● ACTIVITY: Give the data again word for word; drop the pictures.

SUPPLIED INFORMATION START

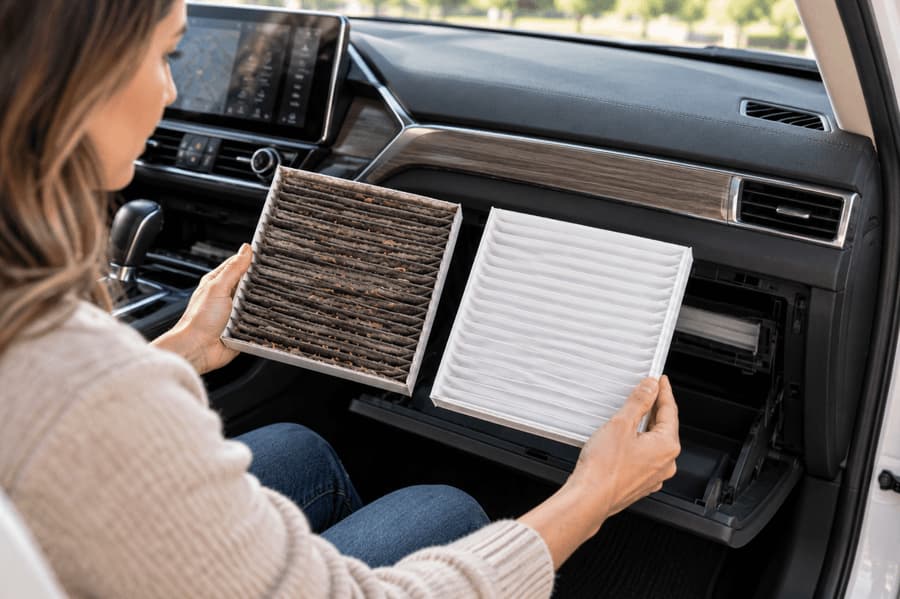 The Complete Buyer’s Guide to Cabin Air Filters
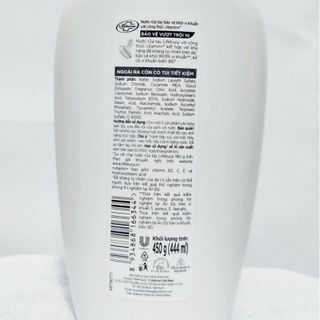 Nước Rửa Tay LifeBuoy ( thùng 12 chai )
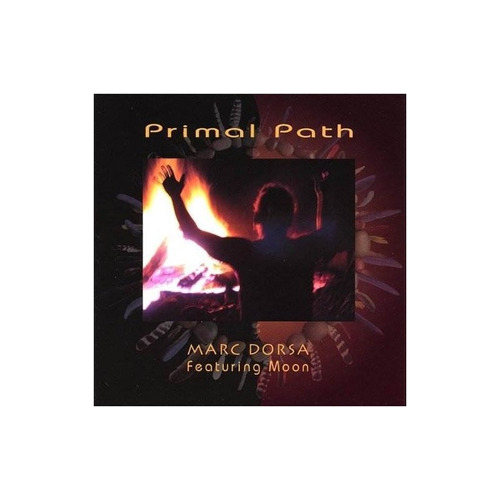 Dorsa Marc Primal Path Usa Import Cd Nuevo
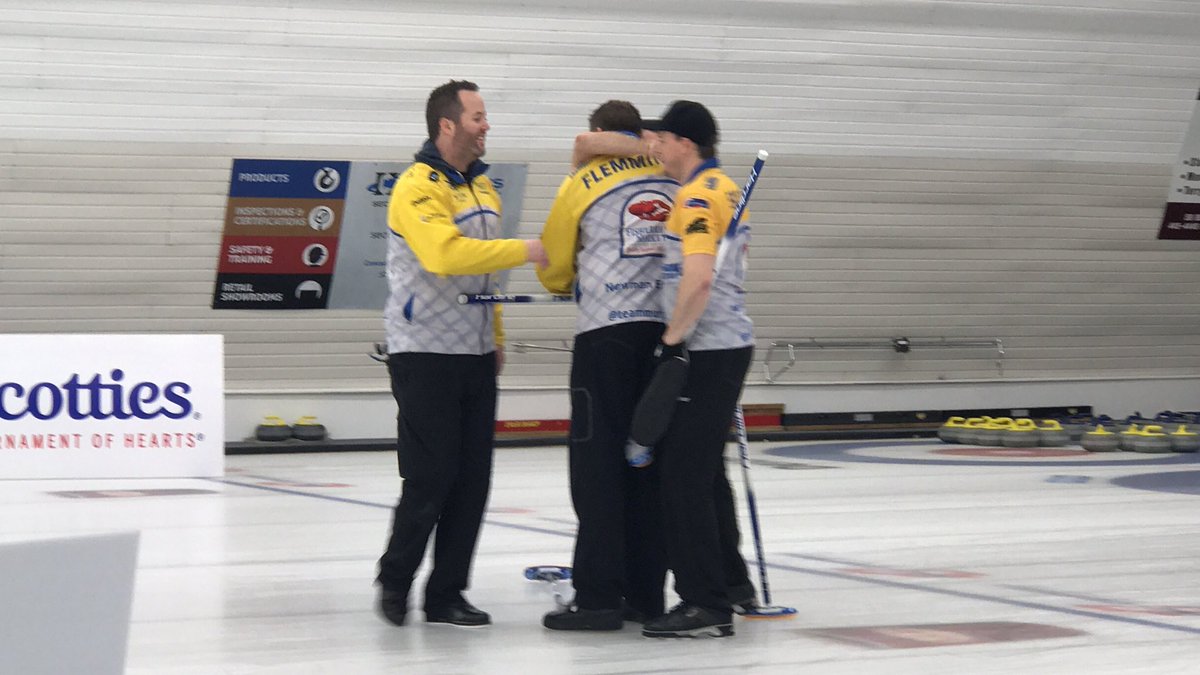 Nova Scotia Champs Again! 3 years in a row! Brier bound! <a href="/ScootSacc/">Scott Saccary</a> #regina2018 #proudbrothermoment <a href="/CurlingCanada/">Curling Canada</a> <a href="/teammurphycurl/">Team Murphy Curling</a> <a href="/CurlingZone/">CurlingZone</a> <a href="/NSCurl/">Nova Scotia Curling</a> <a href="/DT_Dartmouth/">Downtown Dartmouth</a>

SUPPLIED INFORMATION END

● TASK SOLUTION:
 The Complete Buyer’s Guide to Cabin Air Filters
 Nước Rửa Tay LifeBuoy ( thùng 12 chai )
 Dorsa Marc Primal Path Usa Import Cd Nuevo
 Nova Scotia Champs Again! 3 years in a row! Brier bound! <a href="/ScootSacc/">Scott Saccary</a> #regina2018 #proudbrothermoment <a href="/CurlingCanada/">Curling Canada</a> <a href="/teammurphycurl/">Team Murphy Curling</a> <a href="/CurlingZone/">CurlingZone</a> <a href="/NSCurl/">Nova Scotia Curling</a> <a href="/DT_Dartmouth/">Downtown Dartmouth</a>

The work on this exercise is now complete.